Robyn – ‘Honey’ album review

On her first album in eight years, Swedish pop legend Robyn brings together jarring and disparate emotions, immortalising them in magical pop amber

If you’re approaching Robyn’s first album in eight years in the hope of enormous wall-to-wall pop bangers, you may be a little puzzled by ‘Honey’. Sure, there are still huge anthems to be found here – the bittersweet ‘Missing U’ is undeniably classic Robyn, along with the viscous pop gold of the title track – but elsewhere there’s a softening of edges; that usual urgency replaced by a vaguer, more intense sense of personal loss.

Suspense slowly builds and fades throughout; many of the cyclical, repeating melodies and added flourishes) particularly the mischievous monologue at the centre of ‘Beach 2k10’ and the four-to-the-floor ‘Between the Lines’) nod directly to New York house music. Though Robyn has always been an artist you immediately associate with a dark, anonymous club, colliding loneliness and heartbreak with a burning desire to dance the pain away, the entire structure of ‘Honey’ – pivoting from darkness to light with mid-point track ‘Send To Robyn Immediately’, before fluttering away on a final wave of hopefulness – seems to be a direct nod to the beat-filled basements she so often disappears into.

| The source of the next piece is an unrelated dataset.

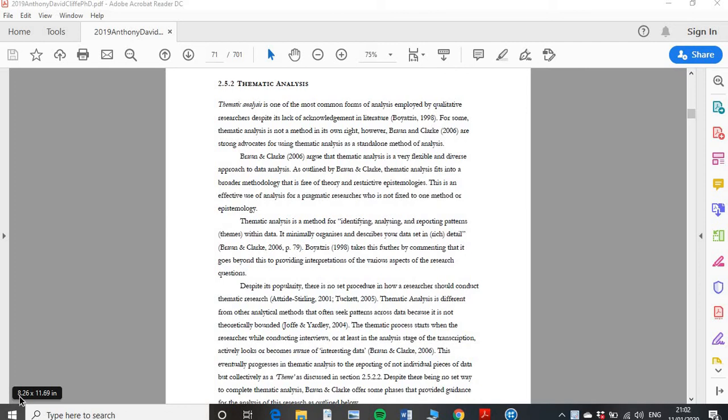Hello everyone and welcome back to our second tutorial about NVivo. My name is Dr. Anthony Cliff, and in our first tutorial we looked at how to get your audio files into NVivo and how to transcribe them. Now we're looking at how to actually get some data from your audio file and your transcription.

Robyn’s rarest talent is the instinctive way in which she brings together jarring and disparate emotions, and immortalises them in magical pop amber. Though the pain she’s exploring here is less immediate and stinging than the thwack of being screwed over, it’s explored just as expertly.

So often, ‘Honey’ perfectly speaks to the strangely tranquil space that permanent loss leaves behind. The self-inflicted ache of ‘Because It’s In The Music’ cuts to the core. “Even though it kills me, I still play it anyway,” Robyn sings atop warmly pulsing waves. And even when grief is at the forefront  – the abandoned plans and incomplete pictures of ‘Missing U’ come to mind – there’s a generosity alongside it. Frequently, ‘Honey’ values the remnants of the past as much as it yearns after their return. Every colour and every taste / Every breath that whispers your name / It’s like emeralds on the pavement,” goes the title track.

There’s also a gentle sensuality to ‘Honey’. “Won’t you get me right where the hurt is?” Robyn asks, and it doesn’t take a genius to join the jigsaw that follows – “some kind of flower” and “stuck in glitter, strands of saliva” clearly allude to a very particular kind of extracurricular release from heartache.

Whether she’s craving escape by way of the dancefloor, the white beaches of Ibiza, or a proverbial dip into the honey-pot, ‘Honey’ acknowledges that deep, throbbing pain can sit alongside escapist pleasure. From an artist who conjures up so many lofty titles – pop genius being one of them – this is a record that takes an altogether different tack to cut through to the raw, complex tangle of emotion.

This may not be Robyn’s huge, chart-conquering return– but really, from such a trail-blazing artist, did you really expect anything other than a subversion of expectations?